La loi du 14 juillet 1909 protège les créateurs de dessins et modèles régulièrement déposés et présentant un caractère de nouveauté et d’originalité. Le dépôt est effectué au secrétariat du conseil des prud’hommes ou, à défaut, au greffe du tribunal de commerce. Il a un caractère déclaratif et comporte donc présomption de propriété pour le déposant. Il est effectué pour cinq ans, éventuellement renouvelables, et est secret ; si le déposant en requiert la publicité, la durée du dépôt est portée à vingt-cinq ans. Le droit portant sur un dessin ou un modèle est négociable, et ses atteintes sont juridiquement sanctionnées ; enfin, les dessins et modèles des industries saisonnières de la mode et de l’habillement sont régis par les dispositions particulières de la loi du 12 mars 1952.
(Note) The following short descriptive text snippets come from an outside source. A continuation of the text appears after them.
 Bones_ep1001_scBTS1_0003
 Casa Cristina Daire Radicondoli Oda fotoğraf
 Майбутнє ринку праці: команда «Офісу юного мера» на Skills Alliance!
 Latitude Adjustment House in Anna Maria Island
Le droit international de la propriété industrielle

Le principe est que les étrangers bénéficient des lois françaises à la condition que, dans le pays dont ils sont ressortissants, les Français bénéficient de la réciprocité de protection. De nombreux traités et des conventions internationales régissent en outre cette matière, parmi lesquels on peut citer : la convention d’union de Paris, signée en 1883 et qui concerne aujourd’hui une quarantaine d’États (siège à Berne) ; d’une façon générale, elle permet l’assimilation aux nationaux des ressortissants des pays membres de l’union et accorde un droit de priorité dans les autres pays membres au déposant d’une marque ou d’une demande de brevet dans l’un des États ; l’arrangement de Madrid (1891), qui a pour but d’éviter la multiplicité des dépôts de marques en permettant, après un premier dépôt dans un des États membres, un dépôt international valable pour une durée de vingt ans dans tous les autres États membres.
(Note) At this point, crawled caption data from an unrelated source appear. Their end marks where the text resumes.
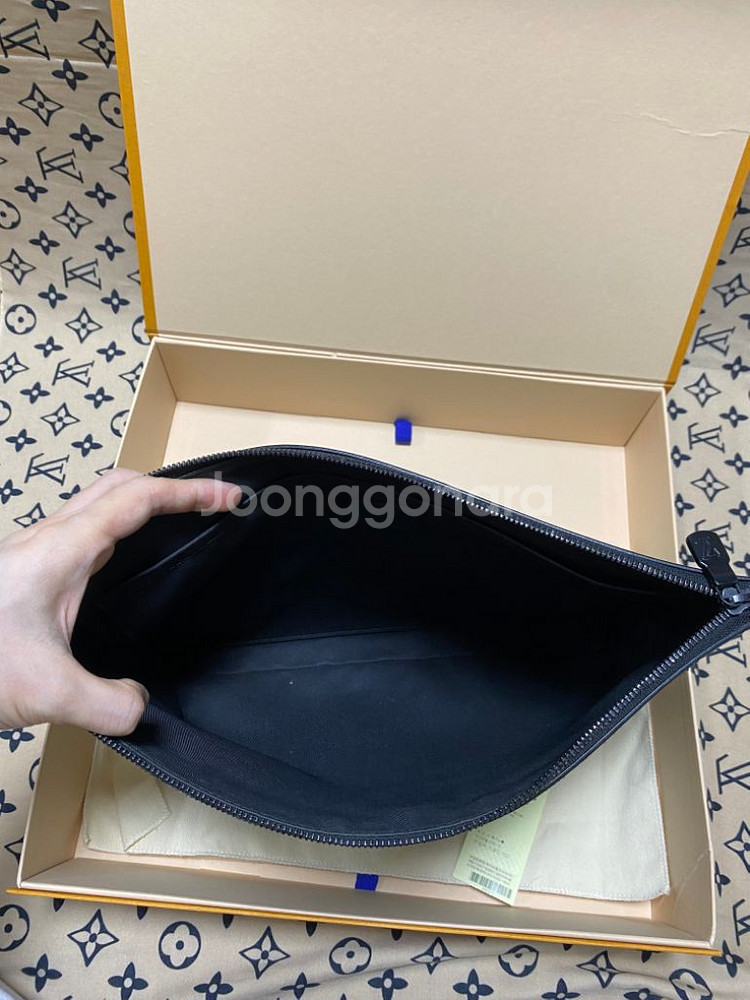 [GM] 루이비통 모노그램 쉐도우 클러치--6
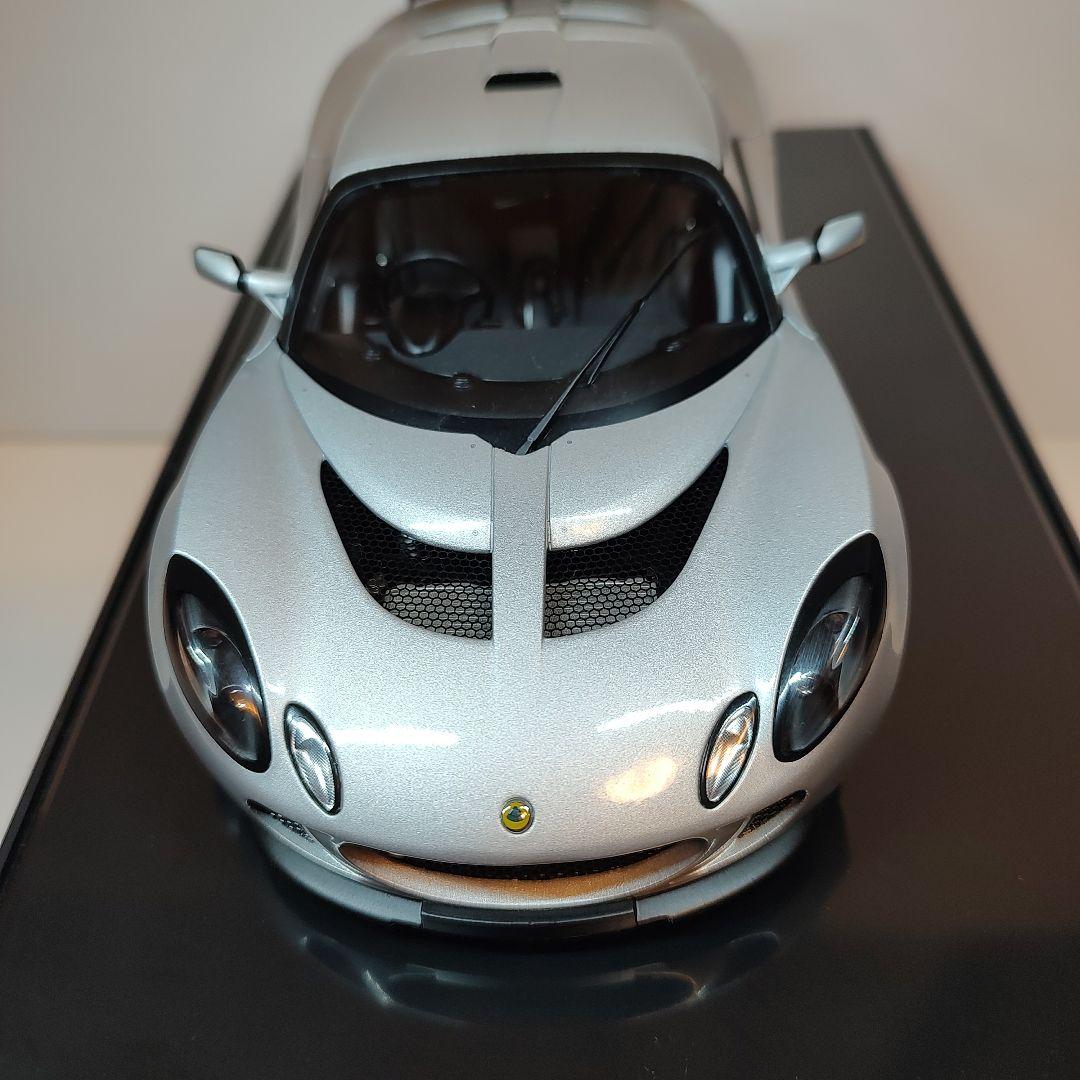 オートアート ロータス エキシージ 1/18 スケール シルバー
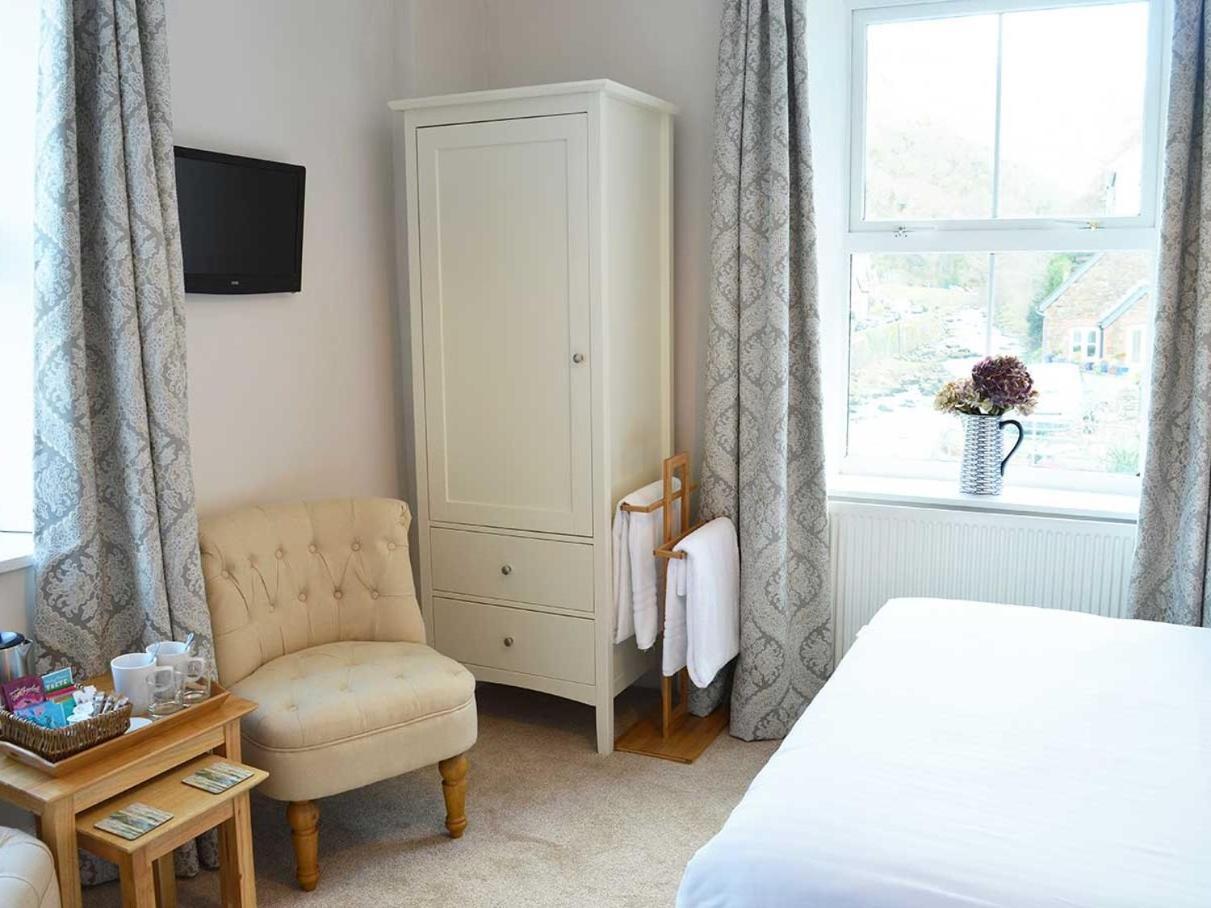 Bed & Breakfast East Lyn House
La création de l’Office européen des brevets (O. E. B.), décidée par une conférence réunissant vingt et un pays à Munich du 10 septembre au 6 octobre 1973, marque une étape importante dans l’internationalisation des législations sur la propriété industrielle.

M. B.

 J. M. Wagret, Brevets d’invention et propriété industrielle (P. U. F., coll. « Que sais-je ? », 1964). / A. Rémy, la Propriété industrielle. Les brevets d’invention (Dunod, 1971). / Z. Weinstein, le Régime fiscal de la propriété industrielle (Delmas, 1972).